Pentagon Funded Mideast Plans In Secret Prior to Iraq-War Vote
By DAVID ROGERS
Staff Reporter of THE WALL STREET JOURNAL
April 22, 2004; Page A4
WASHINGTON -- The Pentagon acknowledged that in tandem with its secret planning for the Iraq war two years ago, it funded 21 military-related projects in the Mideast when the Bush administration had yet to seek a war resolution from Congress.
The administration said in late summer 2002 that $178.4 million was spent on projects that could be justified as part of the larger war against terrorism. The first detailed accounting of that spending was provided to Congress just this week, and even lawmakers who supported military action against Saddam Hussein say the Defense Department stretched its authority and hid facts that should have been shared with lawmakers.
The heaviest concentration of projects was in Kuwait, including a $24 million contract to build up an ammunition storage and supply system for an Army brigade, and $15 million for communications equipment at the Arifjan Base Camp. A $3 million detention facility for unspecified prisoners also was funded, together with almost $6.5 million for an inland petroleum-distribution system, including fuel trucks.
"It's not illegal. It's a violation of trust," said Pennsylvania Rep. John Murtha, a senior Democrat on the House Appropriations Committee who was a strong ally of President Bush's father in the 1991 Persian Gulf War. The disclosures come as Republicans press the White House to be more candid as well about the long-term costs of the Iraq war.

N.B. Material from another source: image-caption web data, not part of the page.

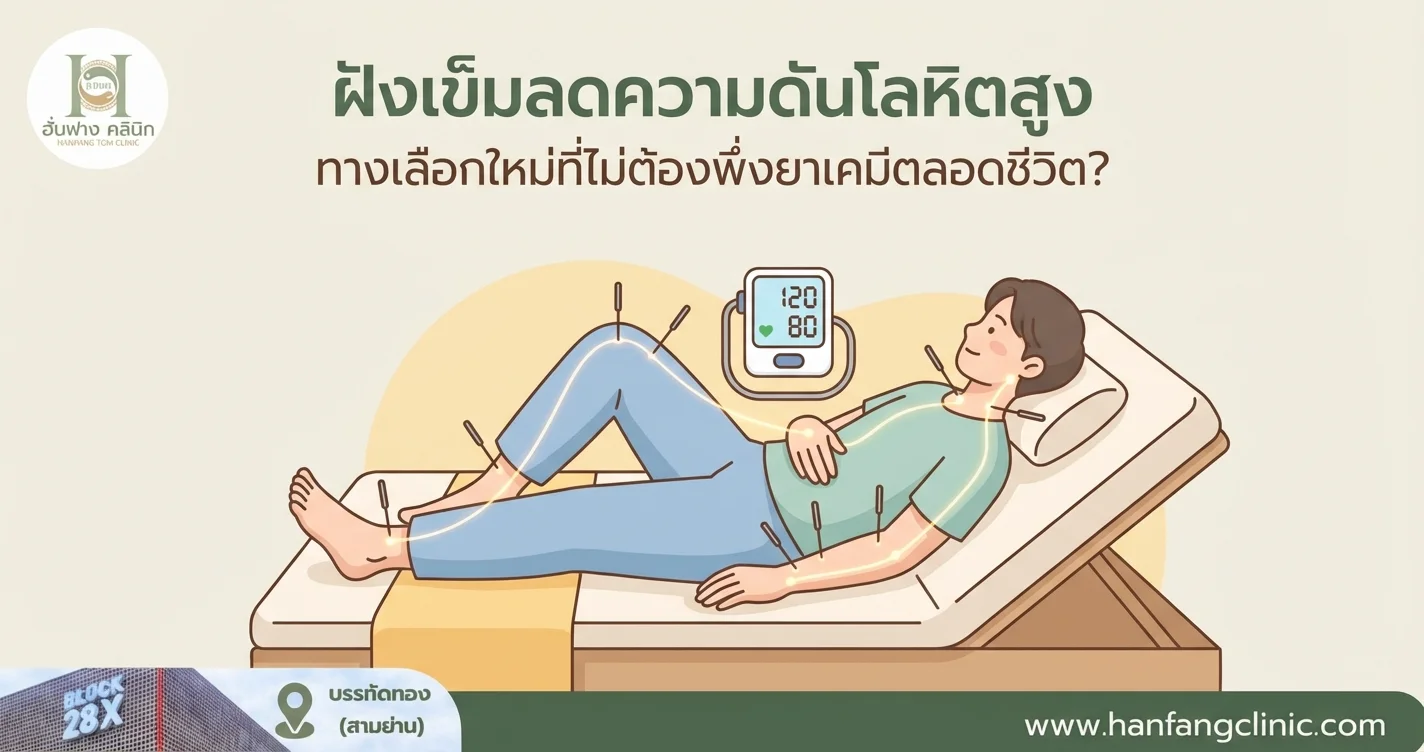 ฝังเข็มลดความดันโลหิตสูง ทางเลือกใหม่ที่ไม่ต้องพึ่งยาเคมีตลอดชีวิต?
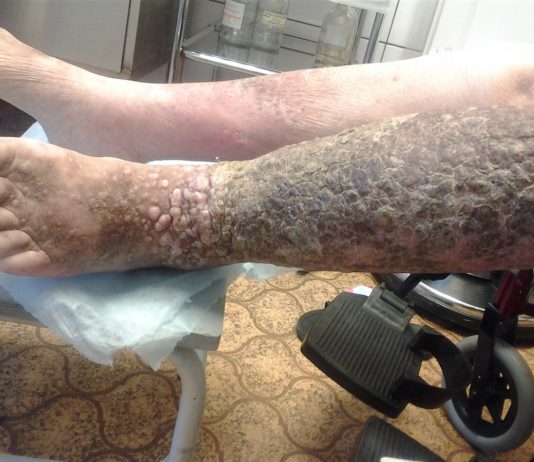 Посттромбофлебитический синдром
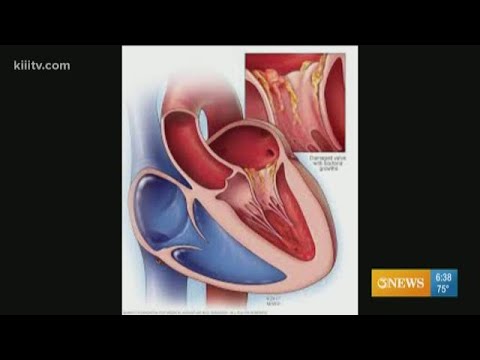 Video: Este endocardita în pericol viața?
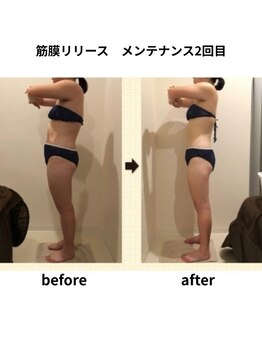 クリア(Clear)/筋膜リリース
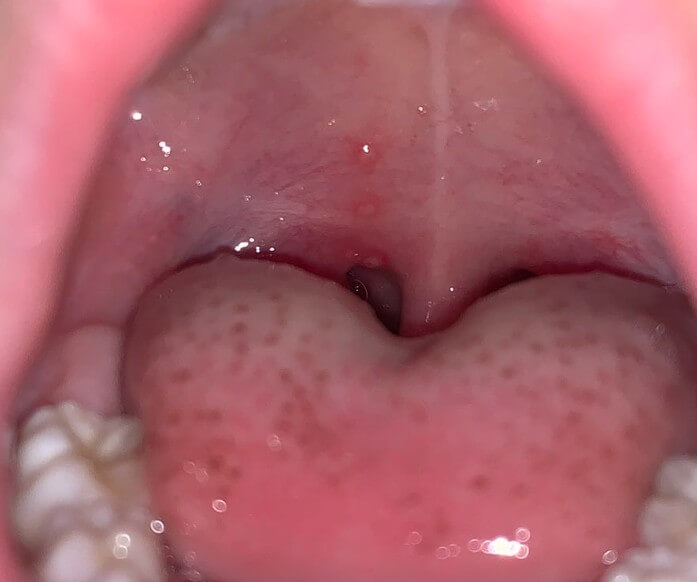 입안에 생긴 구내염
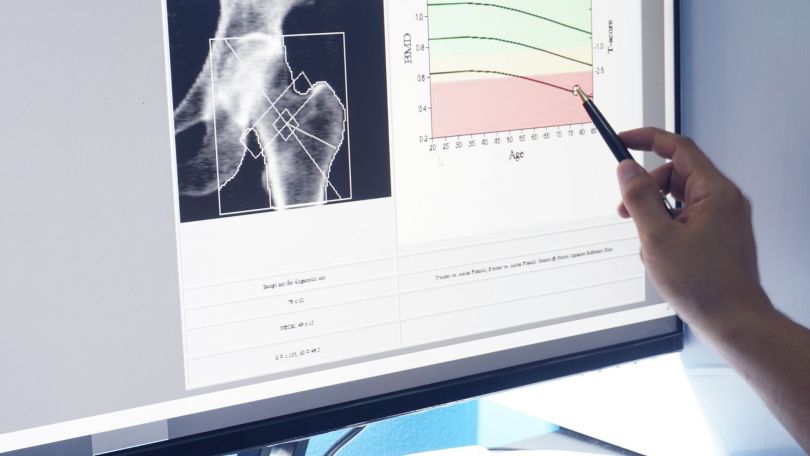 Največ škode in največ koristi za svoje kosti lahko naredimo pozimi! Navade, prehrana in dopolnila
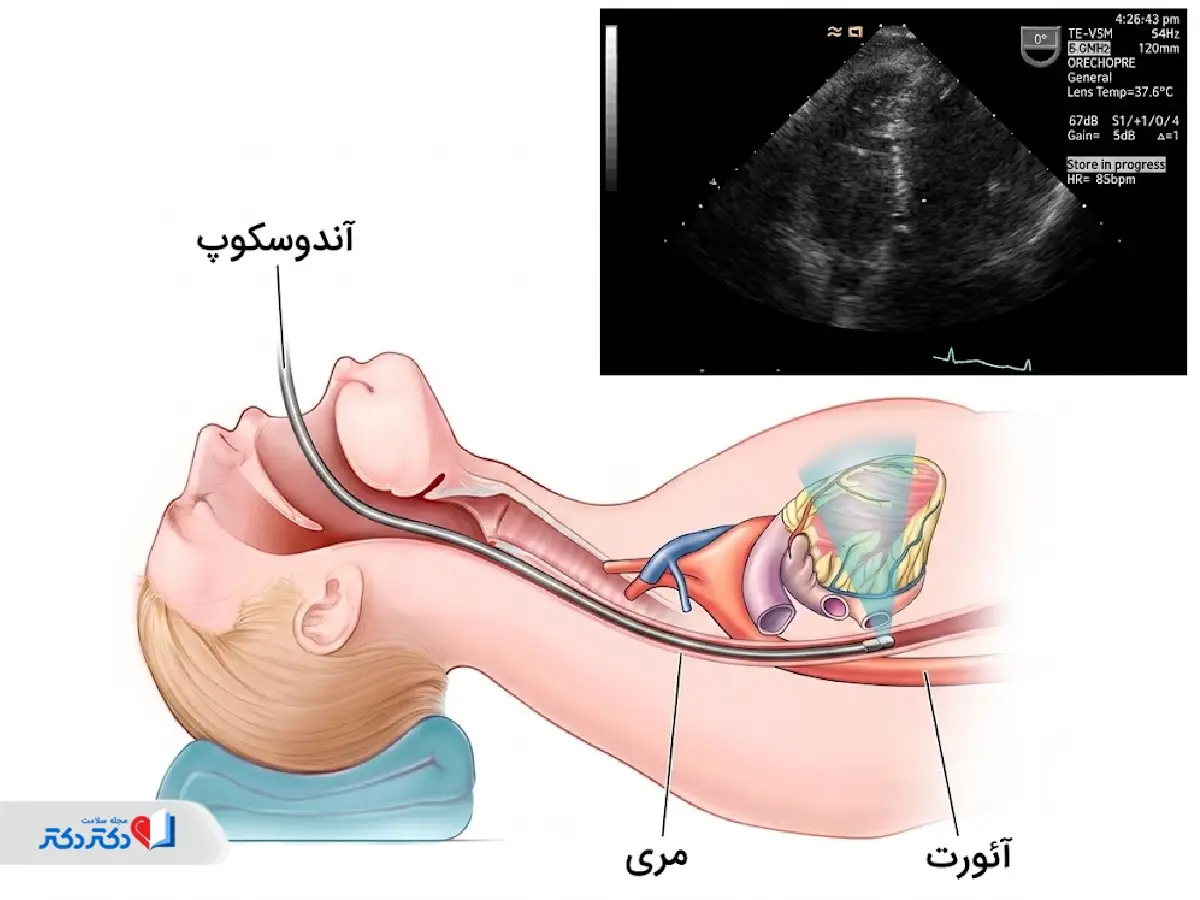 اکوکاردیوگرافی از طریق مری (TTE)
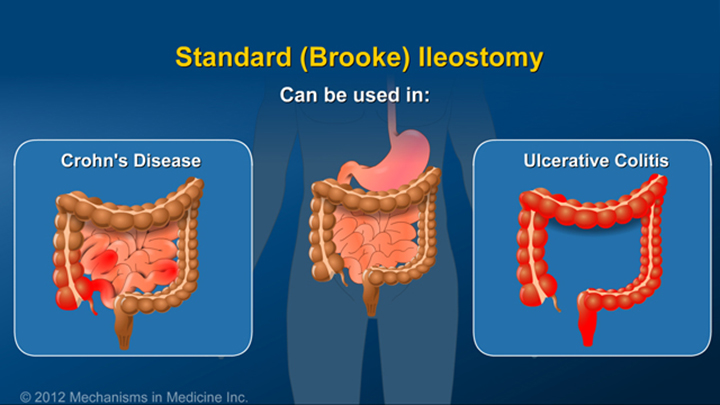 Standard (Brooke) Ileostomy for IBD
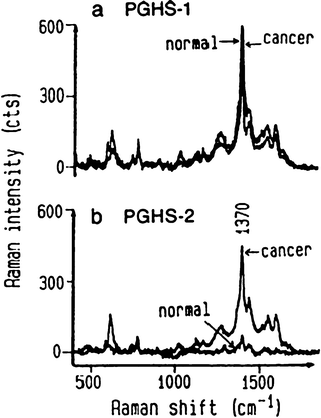 (a) SERS spectra of PGHS-1 in normal and malignant human hepatocytes; (b) SERS spectra of PGHS-2 in normal hepatocytes and malignant cells. (Reprinted from ref. 47. Copyright 1998, with permission from Elsevier).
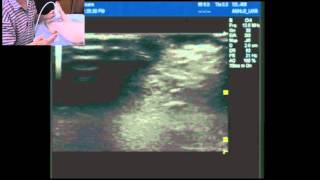 Ultrasound guided ankle block part 2 Supdeep peronealfibular nerves and saphenous nerve [upl. by Anewor773]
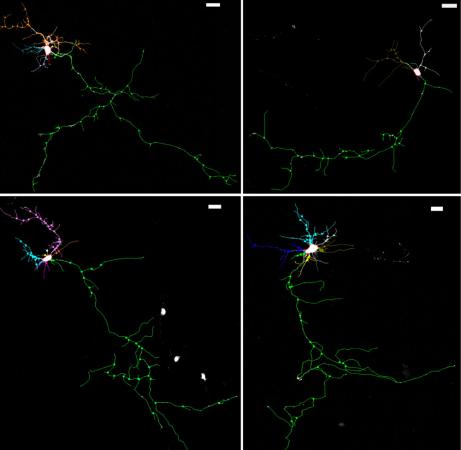 Bringing back branching - The neurotrophic factor BDNF restores neural branching growth in cells with NHE6 gene defects. The top row shows a neuron with no defect (left) and a less branched neuron with the NHE6 defect (right). Neurons below (no defect on the left, with defect on the right) received BDNF.
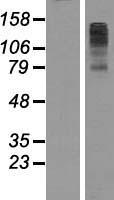 FBXL7 Human Over-expression Lysates NM_012304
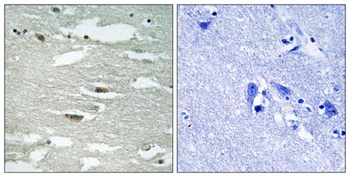 ILK (phospho Ser246) rabbit pAb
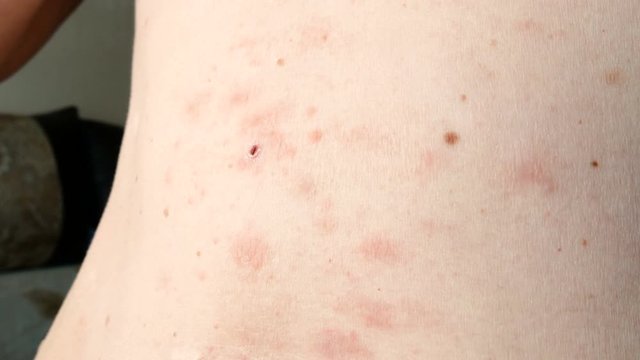 skin rash treatment on woman body. Shingles, Disease, Herpes zoster, varicella-z, lichenoid dermatitis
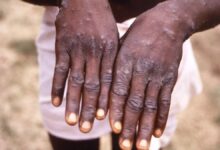 شیوع بیماری کشنده در آفریقا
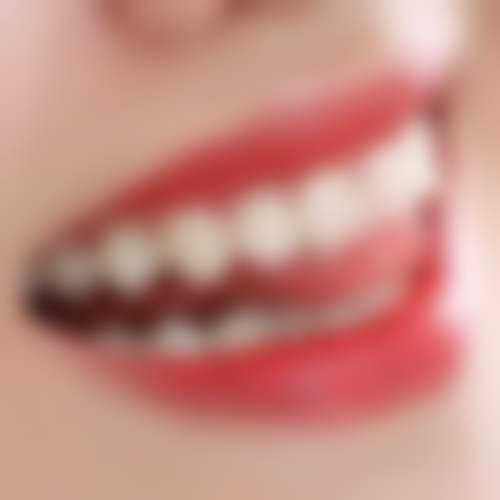 山东临沂沂南爱中口腔门诊部核心项目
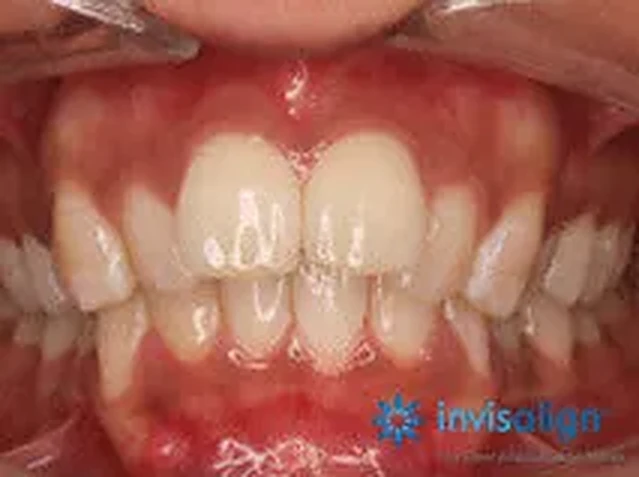 Invisalign case 3: teeth before treatment at South Lane Dental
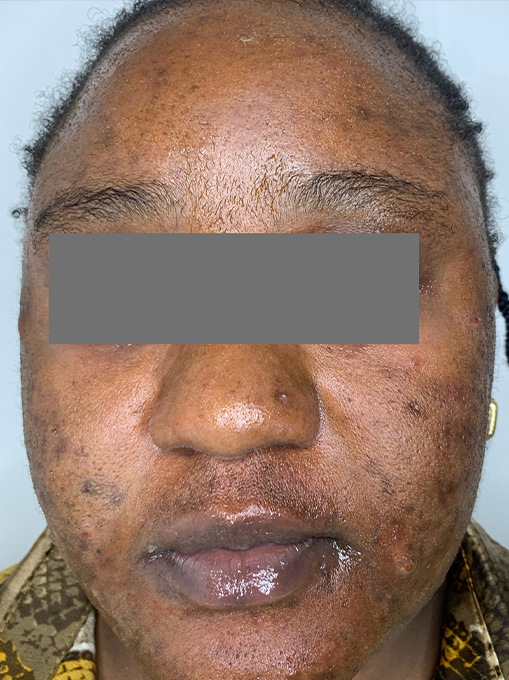 Skin Resurgacing Before and After | Flawless Aesthetic Center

Gen. Richard Myers, chairman of the Joint Chiefs of Staff, told the House Armed Services Committee yesterday that the increased tempo of operations in Iraq and the extended deployment of 20,000 troops means there could be a $4 billion shortfall for this budget year, ending Sept. 30, slightly more than a month before the November elections.
The larger issue is how much extra money will be needed for fiscal 2005. The White House would prefer to wait until next year to seek supplemental funds and in the interim ask the military to borrow against funds for the third and fourth quarters of fiscal 2005. Such a delay would put a cash strain on Army operations, however, since the monthly cost of the U.S. involvement in Iraq has been running near $4.7 billion. The Armed Services Committee is considering adding as much as $20 billion to its military budget bill as a bridge loan of sorts until a supplemental-spending measure is agreed to next year.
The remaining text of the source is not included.